More Than a Walkout

One group of students brought a national protest to existence locally.

More+Than+a+Walkout

   Due to the recent passage of a Florida bill which “prohibits classroom discussion about sexual orientation and gender identity” —otherwise known as the “Don’t Say Gay Bill”—senior Addison Langhorst took to the Liberty High School football field at 7:45am in below freezing weather with nearly one hundred other students to protest similar legislation in Missouri. 

   These nation-wide conglomerate student-led protests pursue the ongoing, and similarly related, debate which stirred national tension earlier in the year and ultimately caused many schools to question whether or not a multitude of books surrounding topics of sexuality, gender and race should be kept on school library shelves due to their depictions being graphic. 

   “Education has huge impacts by allowing people who are queer to understand that they are not broken,” Langhorst said. “So many of us feel like we are broken— that we are in the wrong or that there’s something fundamentally wrong with us just because of who we are. It’s important for that educational piece to teach us that we are not broken. We are human.”

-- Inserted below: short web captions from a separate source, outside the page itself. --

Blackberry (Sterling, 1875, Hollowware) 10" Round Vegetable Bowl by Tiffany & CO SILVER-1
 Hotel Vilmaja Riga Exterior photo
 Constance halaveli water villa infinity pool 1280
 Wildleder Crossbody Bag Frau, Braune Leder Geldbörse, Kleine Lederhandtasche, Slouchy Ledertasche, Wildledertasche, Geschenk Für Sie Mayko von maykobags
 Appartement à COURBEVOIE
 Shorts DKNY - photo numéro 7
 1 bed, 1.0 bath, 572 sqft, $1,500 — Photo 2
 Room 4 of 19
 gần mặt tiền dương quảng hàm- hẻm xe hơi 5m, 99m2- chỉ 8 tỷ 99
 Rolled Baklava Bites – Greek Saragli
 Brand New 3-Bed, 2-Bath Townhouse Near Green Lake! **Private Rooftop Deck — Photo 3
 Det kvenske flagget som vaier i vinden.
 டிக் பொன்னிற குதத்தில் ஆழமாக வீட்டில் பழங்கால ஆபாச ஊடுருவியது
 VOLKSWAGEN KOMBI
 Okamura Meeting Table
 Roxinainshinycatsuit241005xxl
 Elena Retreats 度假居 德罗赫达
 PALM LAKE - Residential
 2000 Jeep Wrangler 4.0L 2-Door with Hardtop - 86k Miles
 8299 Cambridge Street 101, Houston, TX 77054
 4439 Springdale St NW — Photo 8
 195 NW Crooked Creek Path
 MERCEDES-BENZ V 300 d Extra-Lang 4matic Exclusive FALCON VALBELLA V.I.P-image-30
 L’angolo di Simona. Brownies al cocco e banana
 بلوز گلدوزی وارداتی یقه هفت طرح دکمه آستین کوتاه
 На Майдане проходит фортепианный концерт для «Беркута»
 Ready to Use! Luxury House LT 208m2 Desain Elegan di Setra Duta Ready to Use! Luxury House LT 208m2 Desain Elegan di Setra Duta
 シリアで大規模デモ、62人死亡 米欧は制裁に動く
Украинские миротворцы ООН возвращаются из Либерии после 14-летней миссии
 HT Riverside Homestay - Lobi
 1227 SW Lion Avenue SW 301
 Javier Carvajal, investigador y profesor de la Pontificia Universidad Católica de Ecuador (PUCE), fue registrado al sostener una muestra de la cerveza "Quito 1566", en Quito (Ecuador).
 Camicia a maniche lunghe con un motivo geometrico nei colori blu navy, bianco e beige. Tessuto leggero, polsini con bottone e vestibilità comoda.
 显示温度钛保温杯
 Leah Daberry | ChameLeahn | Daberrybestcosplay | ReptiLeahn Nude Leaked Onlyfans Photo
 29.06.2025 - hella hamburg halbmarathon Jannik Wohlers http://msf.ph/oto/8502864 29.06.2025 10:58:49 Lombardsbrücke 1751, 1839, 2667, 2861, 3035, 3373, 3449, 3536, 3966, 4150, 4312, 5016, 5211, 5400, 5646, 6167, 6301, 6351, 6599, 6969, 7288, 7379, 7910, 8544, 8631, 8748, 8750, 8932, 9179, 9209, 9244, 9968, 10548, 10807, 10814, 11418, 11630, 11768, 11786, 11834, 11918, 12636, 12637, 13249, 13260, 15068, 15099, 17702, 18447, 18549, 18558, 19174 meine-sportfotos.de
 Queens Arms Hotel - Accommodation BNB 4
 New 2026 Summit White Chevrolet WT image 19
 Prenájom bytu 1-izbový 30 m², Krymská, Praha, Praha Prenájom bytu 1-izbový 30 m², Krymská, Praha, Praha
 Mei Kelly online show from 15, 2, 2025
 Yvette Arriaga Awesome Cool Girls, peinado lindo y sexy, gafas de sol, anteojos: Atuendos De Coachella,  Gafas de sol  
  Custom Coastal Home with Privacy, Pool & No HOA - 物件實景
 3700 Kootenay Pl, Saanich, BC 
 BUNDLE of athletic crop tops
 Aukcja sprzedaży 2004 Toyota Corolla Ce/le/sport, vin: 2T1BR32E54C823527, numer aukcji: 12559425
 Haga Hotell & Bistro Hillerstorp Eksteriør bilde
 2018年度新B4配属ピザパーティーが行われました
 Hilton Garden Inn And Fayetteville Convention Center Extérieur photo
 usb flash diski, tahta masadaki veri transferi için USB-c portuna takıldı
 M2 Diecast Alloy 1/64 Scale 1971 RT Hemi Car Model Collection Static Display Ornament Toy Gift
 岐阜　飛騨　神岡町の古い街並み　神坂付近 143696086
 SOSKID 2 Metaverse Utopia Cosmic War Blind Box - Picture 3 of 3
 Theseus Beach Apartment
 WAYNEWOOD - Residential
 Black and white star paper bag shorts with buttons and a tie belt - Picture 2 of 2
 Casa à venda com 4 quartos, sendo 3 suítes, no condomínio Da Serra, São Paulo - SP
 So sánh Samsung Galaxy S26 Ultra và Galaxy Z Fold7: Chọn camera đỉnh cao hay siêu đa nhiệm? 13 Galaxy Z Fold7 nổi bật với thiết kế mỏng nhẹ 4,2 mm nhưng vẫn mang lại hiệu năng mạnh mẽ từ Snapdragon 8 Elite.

   As the protest continued through the morning, several students stood on bleachers and gave emotion-filled testimonies of their experiences with discirimantion—many highlighting the homophobia and transphobia present within their own homes. Junior Kayna Carroll was one student who shared a personal story at the protest and highlighted the importance of using voice to be an advocate in everyday life.  

   “Be who you are— be unapologetically you,” Carroll said.  “Don’t let anyone quiet your voice, especially as an LGBTQ+ person. I know that it can be hard, but keep speaking against the problems that we face in our community.” 

   Throughout the month, Langhorst gathered tens of interested students to lead the We Say Gay campaign, all of who put in hours of work, yet the walkout was only a portion of the group’s ultimate goal. The group drafted a list of demands to send to various school administrators and Missouri legislators in an attempt to prevent higher-ups from voting in favor of discriminatory legislation in the future.

   “Legislation in Florida has huge impacts in the rest of the country because the rest of the country takes that legislation and says, ‘we could pass that here,’” said Langhorst. “We’re seeing that in Missouri, where 16 anti-LGBTQ+ bills have already been proposed.”

   While most students either stood in support or impartial to the walkout, it wasn’t taken lightly by some others. Several screenshots surfaced on social media of students using homophobic slurs and language to caption pictures of the walkout. 

   “Honestly, the vitriol was expected,” Langhorst said. “ This is, after all, a wedge issue. The hate is what we’re protesting. We know it’s social, not personal. The hard part for me was not being able to have face-to-face conversations with people about what they believe and why. That lack of communication is what got us here.”